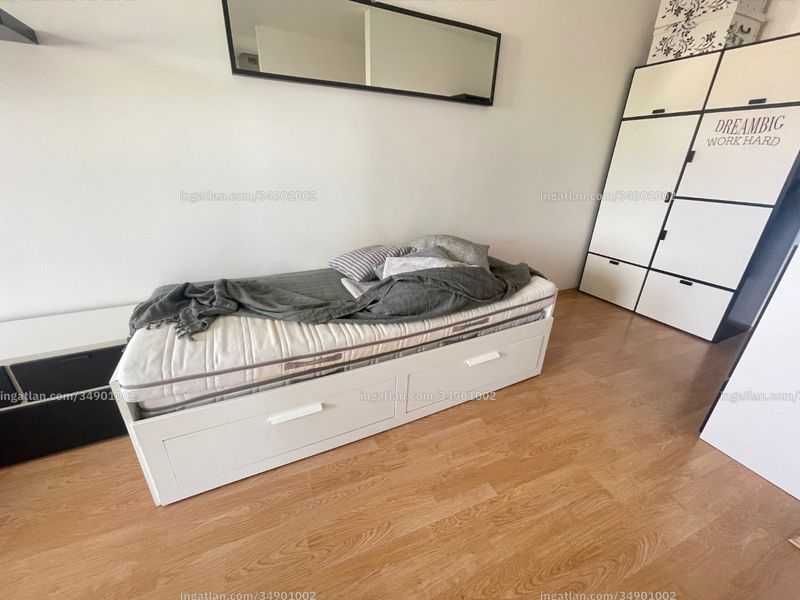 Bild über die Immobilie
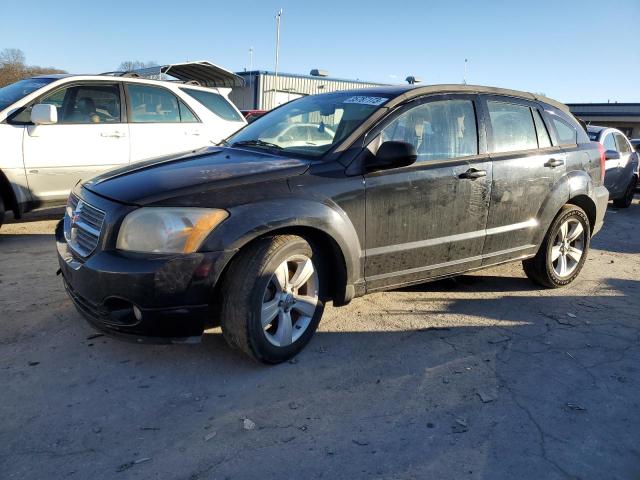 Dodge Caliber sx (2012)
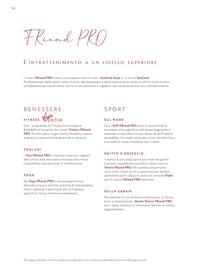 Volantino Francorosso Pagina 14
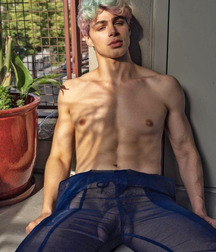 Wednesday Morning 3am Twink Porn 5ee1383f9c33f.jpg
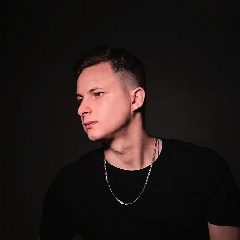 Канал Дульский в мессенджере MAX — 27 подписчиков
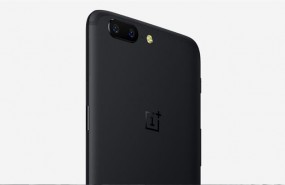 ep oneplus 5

▸ Exercise description
Set down the data above exactly as written. Omit the pictures.

▸ Answer for this exercise
 Bild über die Immobilie
 Dodge Caliber sx (2012)
 Volantino Francorosso Pagina 14
 Wednesday Morning 3am Twink Porn 5ee1383f9c33f.jpg
 Канал Дульский в мессенджере MAX — 27 подписчиков
 ep oneplus 5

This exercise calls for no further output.